Joey Hess, a famous Debian hacker, wrote long ago an article about how he was keeping his entire home directory under version control, using CVS. Now, as CVS gets replaced by Subversion, he switched to it, and new article was released.
He gives advice on how to split private and public projects, how to keep configuration files under version control, how to use the same home directory on multiple machines.
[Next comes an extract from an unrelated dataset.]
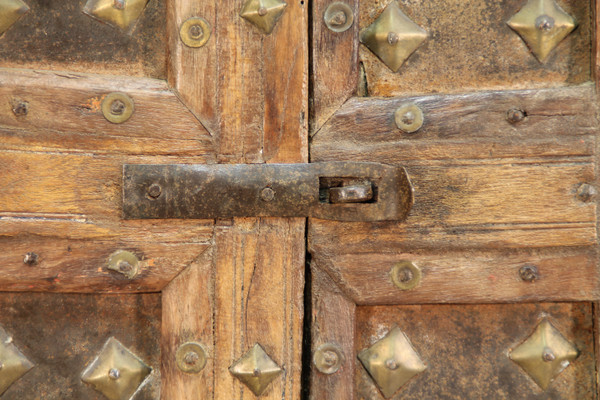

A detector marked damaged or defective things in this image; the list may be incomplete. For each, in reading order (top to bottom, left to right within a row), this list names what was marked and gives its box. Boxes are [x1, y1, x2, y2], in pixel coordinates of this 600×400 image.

Of course, main advantages of described approach are distributed backups (including inherent mini-backups in form of file copies in the .svn directory); history of your work and configuration changes, including rollback and comparisons; and single synchronized workspace across every machine you’re using.
Read more at OnLamp: Joey Hess “Keeping Your Life in Subversion” or at his blog: joey: “Subverting your homedir, or keeping your life in svn” (contains extra links and updates).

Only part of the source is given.